This repository contains code and data for the paper "Morphological Segmentation for Seneca", to appear in AmericasNLP 2021
There are two data sources: a grammar book (Bardeau 2007)), and words collected from transcribed informal recordings.
Transcriptions of informal recordings were performed by Robbie Jimerson (rcj2772@rit.edu)

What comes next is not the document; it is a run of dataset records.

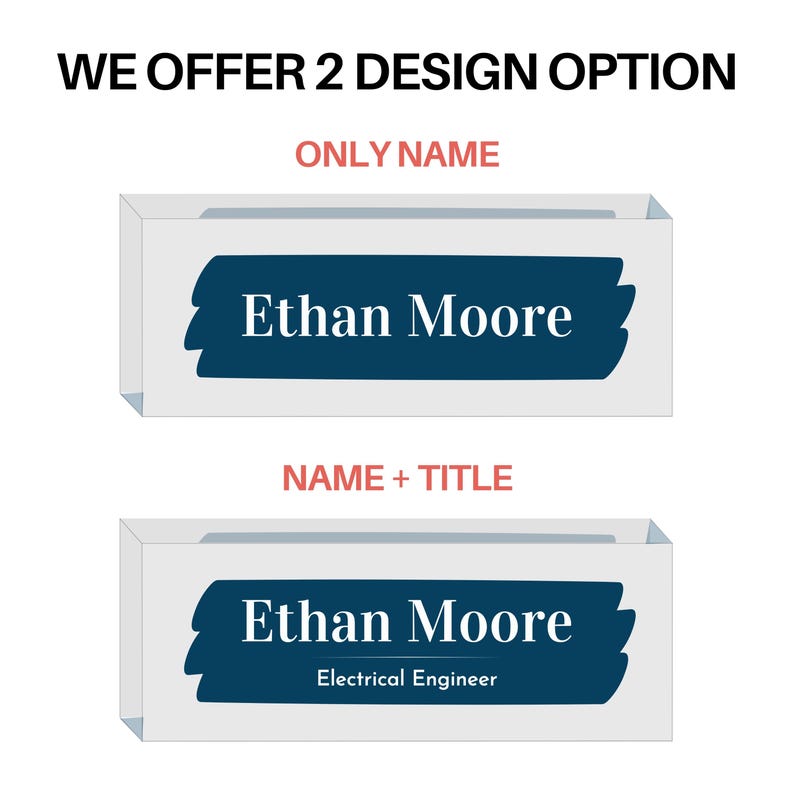 Personalized Acrylic Name Block - Navy Brush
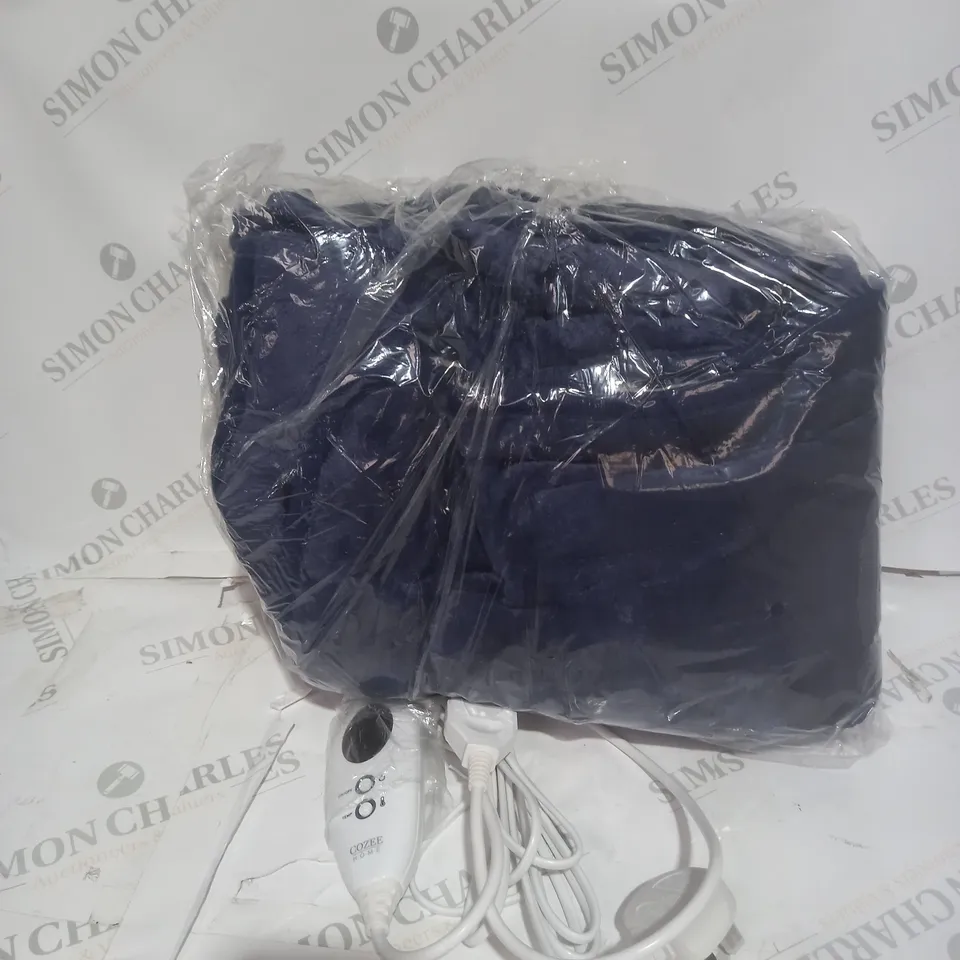 COZEE HOME OVERSIZED HEATED WRAP IN NAVY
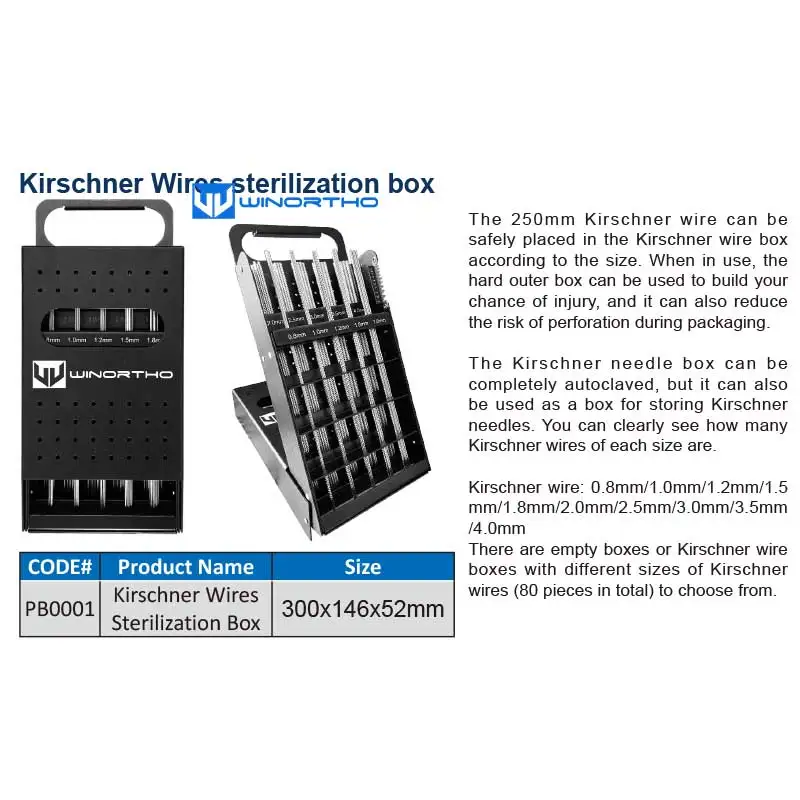 kirschner wire case orthopedic instrument box container veterinary equipment pin implants pet surgical tools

To constuct data sets for the grammar book, do:
python3 code/segmentation_data.py --input resources/all-forms-from-spreadsheet.txt --output OUTPUT_PATH --lang grammar
The data generated this way in our experiments is in 1/grammar/:
-
baseline contains data used to train the Naive baseline
-
tuning contains data used to train the Less naive baseline
-
domain contains data for a series of cross-domain training experiments (1) basic is for transfer learning between the two domains / data sources (2) finetine is to fine-tune the model from (1) with in-domain data (3) self-training is for using additional words from the Bible (in the resource folder) for training (4) multi-task is for multi-task learning; to get the data for this configuration in particular, do:
python3 code/augmentation.py --input TARGET_TRAINING_FILE --output OUTPUT_PATH --method b --bible resources/Bible_select.txt
python3 code/prep_task.py --input INPUT_DEVELOPMENT_FILE --output OUTPUT_DEVELOPMENT_FILE
-
crosslingual contains data for a series of cross-linguistic training experiments (1) basic is for transfer learning between Seneca and four Mexican indigenous languages from Kann et al. (2018) (2) finetune is to fine-tune the model from (1) with in-domain data (3) multi-task is for multi-task learning with the four Mexican indigenous languages from Kann et al. (2018)

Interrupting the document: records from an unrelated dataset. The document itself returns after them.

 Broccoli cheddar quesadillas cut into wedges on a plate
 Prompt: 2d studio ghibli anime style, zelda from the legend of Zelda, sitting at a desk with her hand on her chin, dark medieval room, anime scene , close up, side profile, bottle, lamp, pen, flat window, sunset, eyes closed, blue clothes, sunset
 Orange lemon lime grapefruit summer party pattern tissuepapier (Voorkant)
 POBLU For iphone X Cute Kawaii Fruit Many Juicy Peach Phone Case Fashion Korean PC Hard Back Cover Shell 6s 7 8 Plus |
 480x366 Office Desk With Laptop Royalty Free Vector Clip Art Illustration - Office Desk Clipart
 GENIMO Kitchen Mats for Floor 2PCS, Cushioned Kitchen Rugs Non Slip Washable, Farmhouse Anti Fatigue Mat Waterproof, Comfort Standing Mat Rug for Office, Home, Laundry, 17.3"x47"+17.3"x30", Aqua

Data set construction for the informal sources is similar, except that the code is:
python3 code/segmentation_data.py --input resources/all-forms-from-spreadsheet.txt --output OUTPUT_PATH --lang robbie
The output organization (e.g folder names) is the same as that for the grammar book described above.

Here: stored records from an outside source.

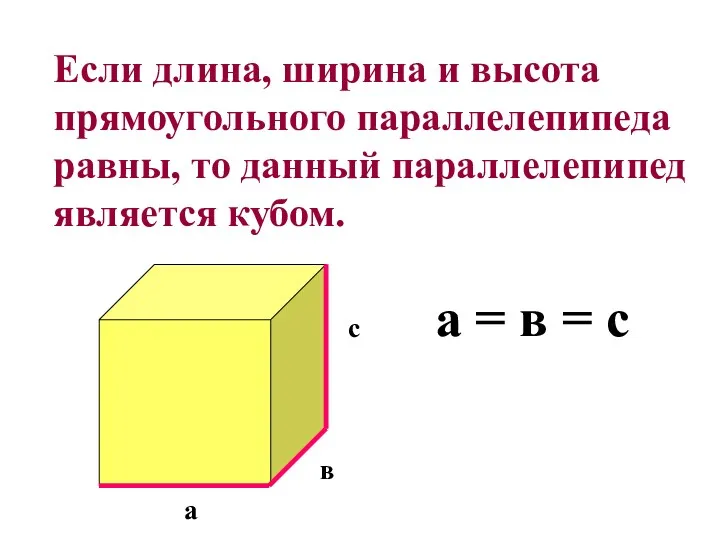 Если длина, ширина и высота прямоугольного параллелепипеда равны, то данный параллелепипед является кубом.
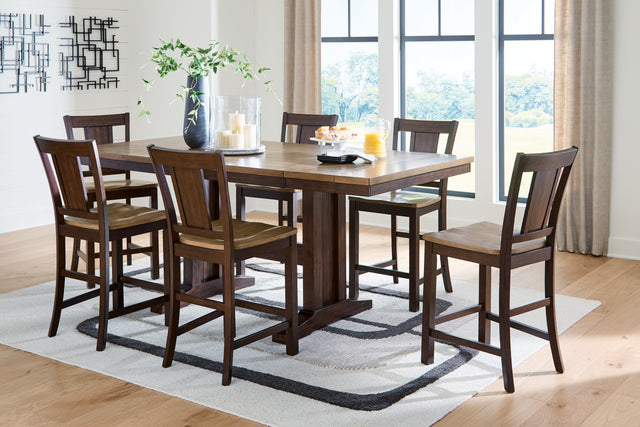 Furniture City Houma - Ashley Furniture - Rylandeen Counter Height Extension Dining Table and 6 Barstools - Counter Height Extension Dining Table and 6 Barstools - PCD651D5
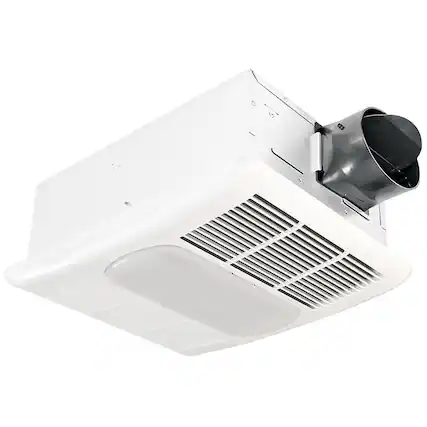 Front. Delta Breez - Delta Breez Radiance Exhaust Bath Fan 80 CFM with Built-In Light & Heater, White - White.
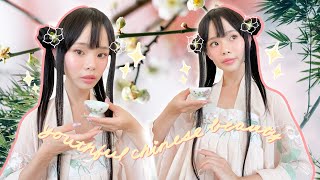 GRWM 🌸 youthful ancient chinese beauty  5 minute hairstyle 🌸 qixiong ruqun [upl. by Janessa]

Data set construction when evaluating with a development domain is not available per request from the community
It is quite simple and straightforward. Hooray.ipynb
contains a run-through of training and applying one segmentation model
All our models trained under different configurations are within each of the specified folders described above.
python3 code/segmentation_eval.py --gold GOLD_FILE --pred PREDICTED_OUTPUT --ex onmt
All our evaluation results are within each of the specified folders described above, including results when evaluating using a development domain
The experiments/test
folder contains all models and results during the final testing stage.